Randomly perturbs the number of close markers on each gene.

produce(parents, spawner=None)

Produces a child by perturbing some floats in the parent.

Parameters:

parents : list of Individuals

A list of parents to use when producing the child.

spawner : pyshgp.push.spawn.Spawner

A spawner that can be used to create random Push code.

Returns:

A child Individual.

class pyshgp.gp.variation.PerturbFloatMutation(rate=0.01, standard_deviation=1)

Randomly perturbs the genes containing float literals.

class pyshgp.gp.variation.PerturbIntegerMutation(rate=0.01, standard_deviation=1)

Randomly perturbs the genes containing integer literals.

class pyshgp.gp.variation.RandomAdditionMutation(rate=0.01)

Randomly adds new genes.

produce(parents, spawner)

Produces a child by perturbing some floats in the parent.

Parameters:

parents : list of Individuals

A list of parents to use when producing the child.

spawner : pyshgp.push.spawn.Spawner

A spawner that can be used to create random Push code.

class pyshgp.gp.variation.RandomDeletionMutation(rate=0.01)

Randomly removes some genes.

produce(parents, spawner)

Produces a child by perturbing some floats in the parent.

Parameters:

parents : list of Individuals

A list of parents to use when producing the child.

spawner : pyshgp.push.spawn.Spawner

A spawner that can be used to create random Push code.
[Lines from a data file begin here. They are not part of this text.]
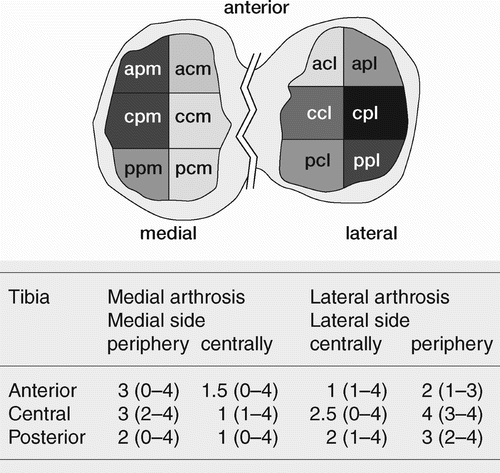 Figure 6. Grading of cartilage destruction/ bone attrition in medial and lateral arthrosis of the tibia plateau. Median values and range. Template used to separate the 6 different areas on the tibia plateau is illustrated above. The darker the area the more pronounced the degenerative changes observed (median value). a = anterior, c = central, p = posterior in first position, peripheral in second position, m = medial, l = lateral.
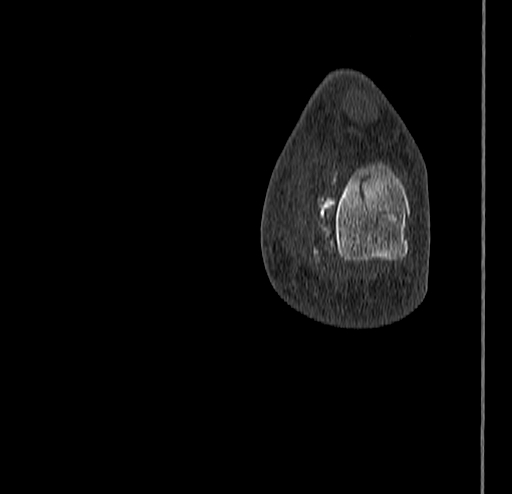 Calcaneal fracture - Sanders type 4 (Radiopaedia 90179-107370 Coronal bone window 84).jpg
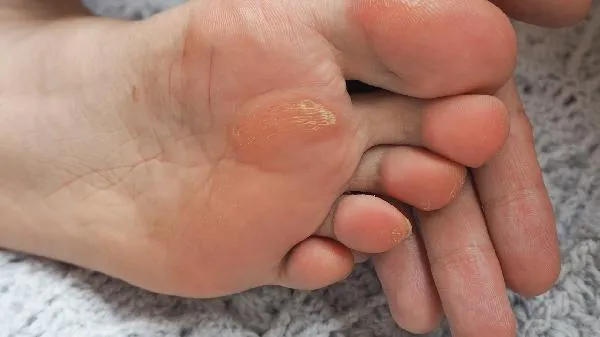 鸡眼动手术多少钱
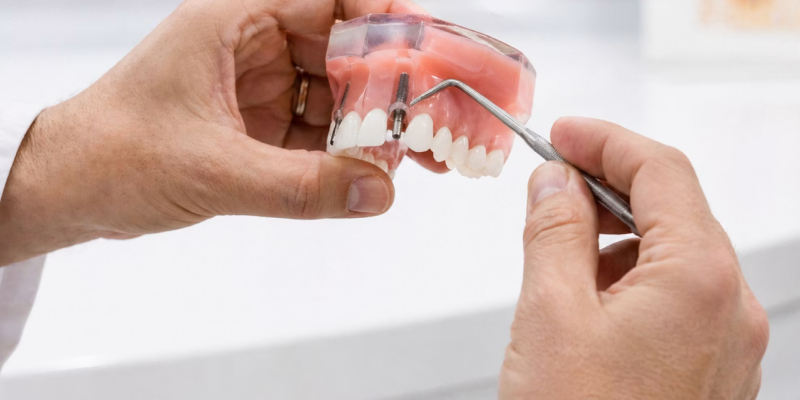 Implante dental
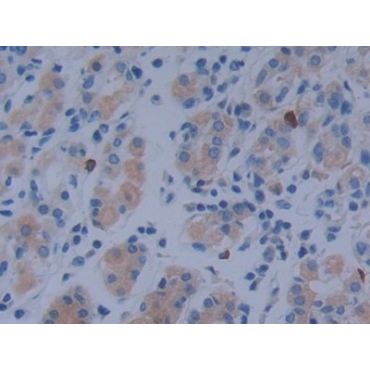 Metastasis Associated In Colon Cancer 1 (MACC1) Human Polyclonal Antibody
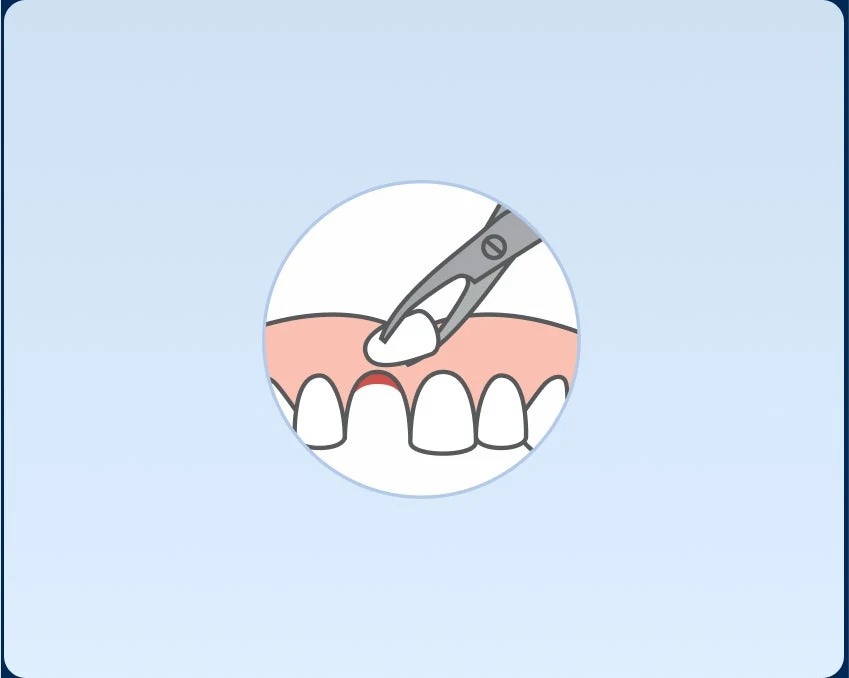 Illustration of dental forceps removing a tooth from the upper gum during a tooth extraction, set within a circular frame against a light blue background.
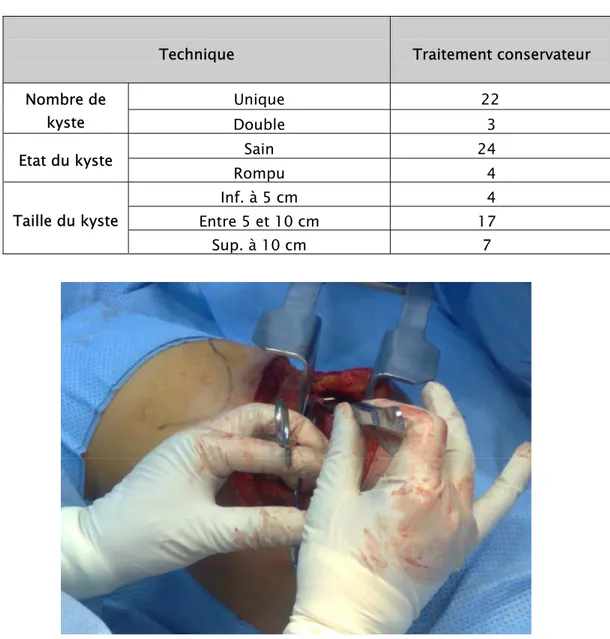 Tableau VI : Technique utilisée en fonction du nombre, de l'état et de la taille du kyste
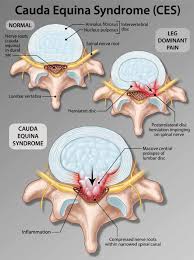 We did not find results for: Cauda Equina Syndrome Samarpan Physiotherapy Clinic Ahmedabad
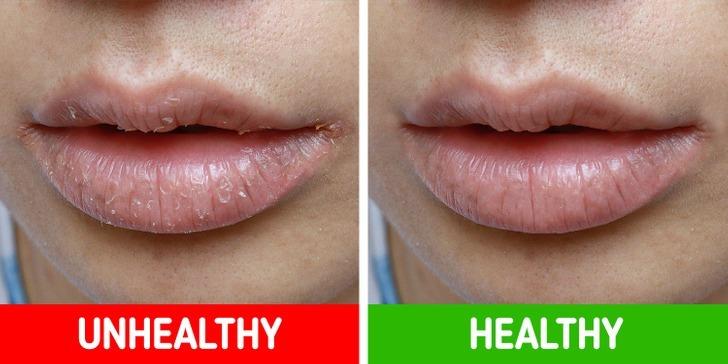 8 biểu hiện của cơ thể bạn không nên lơ là-3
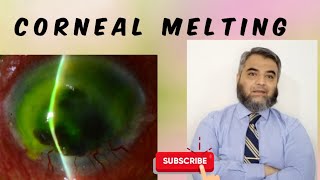 CORNEAL MELTING [upl. by Wardle]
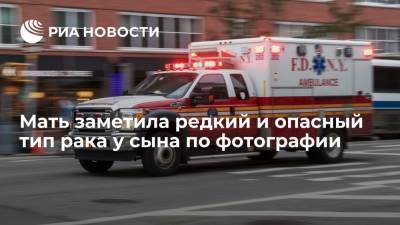 Мать заметила редкий и опасный тип рака у сына по фотографии - ria.ru - Москва - США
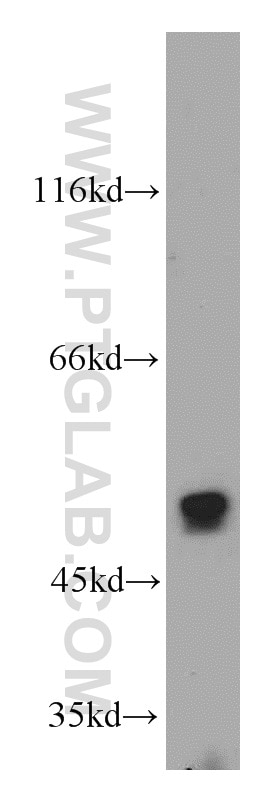Western Blot (WB) analysis of HeLa cells using PFTK1 Polyclonal antibody (21612-1-AP)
class pyshgp.gp.variation.RandomReplaceMutation(rate=0.01)

Randomly replaces genes.

produce(parents, spawner)

Produces a child by perturbing some floats in the parent.

Parameters:

parents : list of Individuals

A list of parents to use when producing the child.
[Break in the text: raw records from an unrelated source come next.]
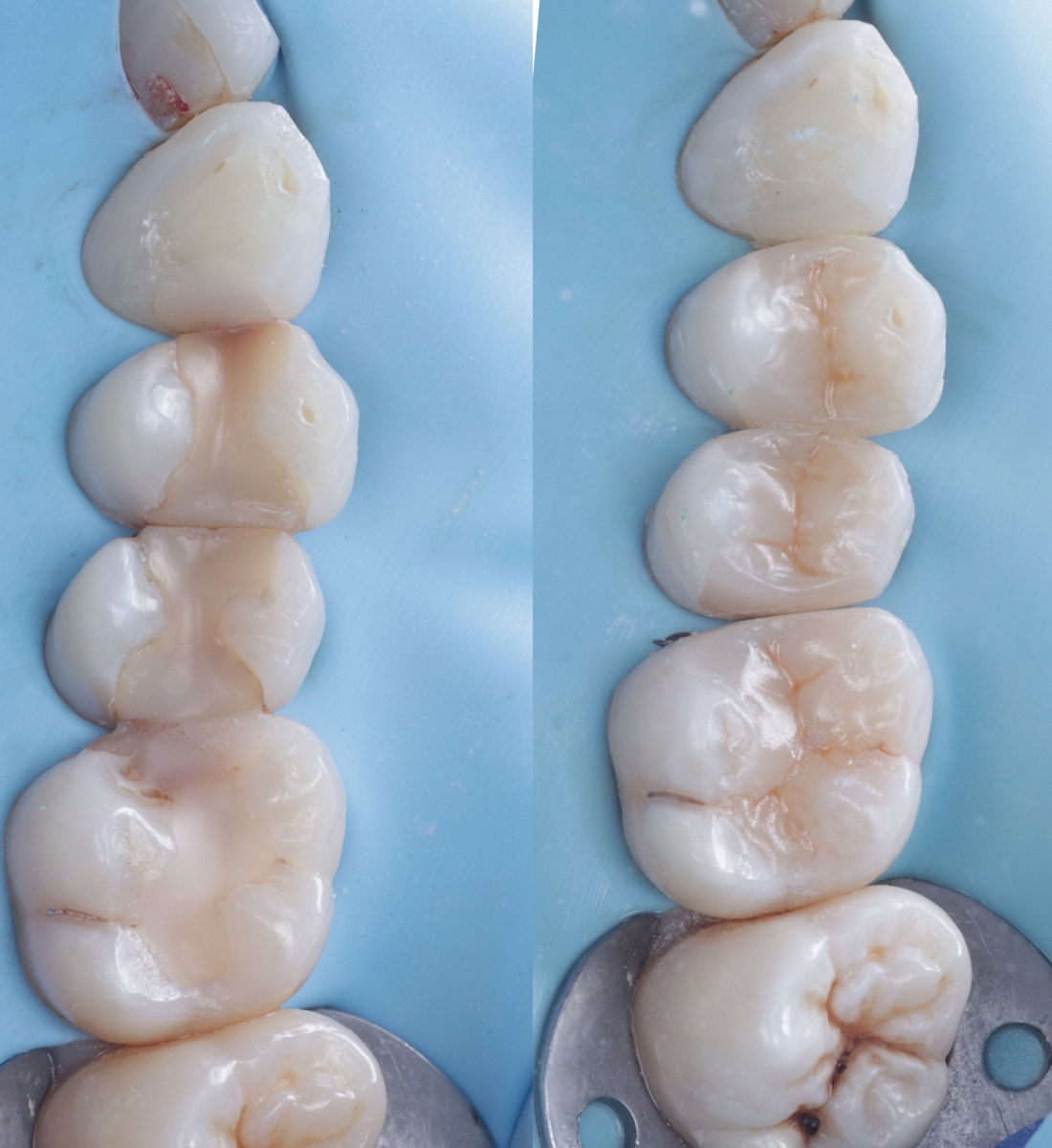 Biomimetic dentistry before and after, case two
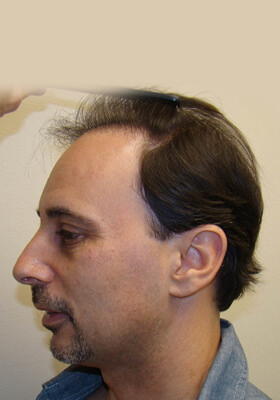 hair transplant before after Photos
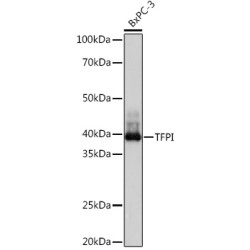 TFPI Rabbit mAb
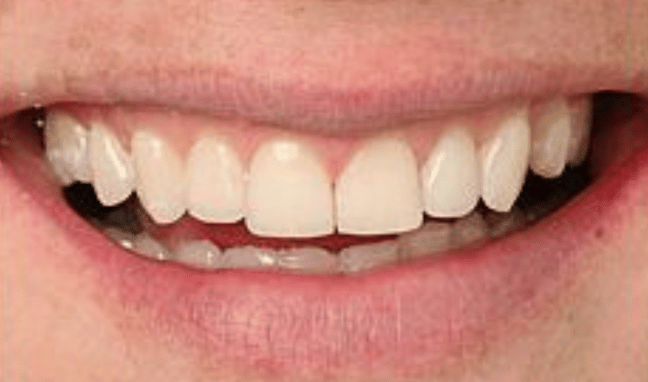 Whitening Case 2a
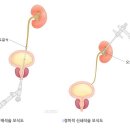 여름철 불청객, 요로결석 이미지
spawner : pyshgp.push.spawn.Spawner

A spawner that can be used to create random Push code.

class pyshgp.gp.variation.Reproduction

Clones the parent genome.

class pyshgp.gp.variation.TweakStringMutation(rate=0.01, char_tweak_rate=0.1)
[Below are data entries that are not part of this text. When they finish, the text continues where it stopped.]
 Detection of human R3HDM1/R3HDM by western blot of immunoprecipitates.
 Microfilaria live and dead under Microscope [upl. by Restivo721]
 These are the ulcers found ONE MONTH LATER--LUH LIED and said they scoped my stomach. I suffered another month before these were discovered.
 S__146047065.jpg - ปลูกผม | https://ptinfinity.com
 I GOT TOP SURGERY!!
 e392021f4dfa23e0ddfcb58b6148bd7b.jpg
Randomly tweaks the string values in string literal genes.

class pyshgp.gp.variation.UniformMutation(rate=0.01, literal_tweak_rate=0.5, float_standard_deviation=1.0, int_standard_deviation=1.0, string_char_tweak_rate=0.1)

A simple mutation operator that mutates all genes.

produce(parents, spawner)

Produces a child by perturbing some floats in the parent.

Parameters:

parents : list of Individuals

A list of parents to use when producing the child.

spawner : pyshgp.push.spawn.Spawner

A spawner that can be used to create random Push code.

class pyshgp.gp.variation.VariationOperator(num_parents)

The base class for all variation operators.

Parameters:

num_parents : int

Number of parent Individuals the operator needs to produce a child Individual.

produce(parents, spawner)

Produces a child.

class pyshgp.gp.variation.VariationOperatorPipeline(operators)

Variation operator that chains together other variation operators.

Parameters:

operators : list of VariationOperators

A list of operators to apply in order to produce the child Individual.

produce(parents, spawner)

Produces a child using the VariationOperatorPipeline.

Parameters:

parents : list of Individuals

A list of parents to use when producing the child.

spawner : pyshgp.push.spawn.Spawner

A spawner that can be used to create random Push code.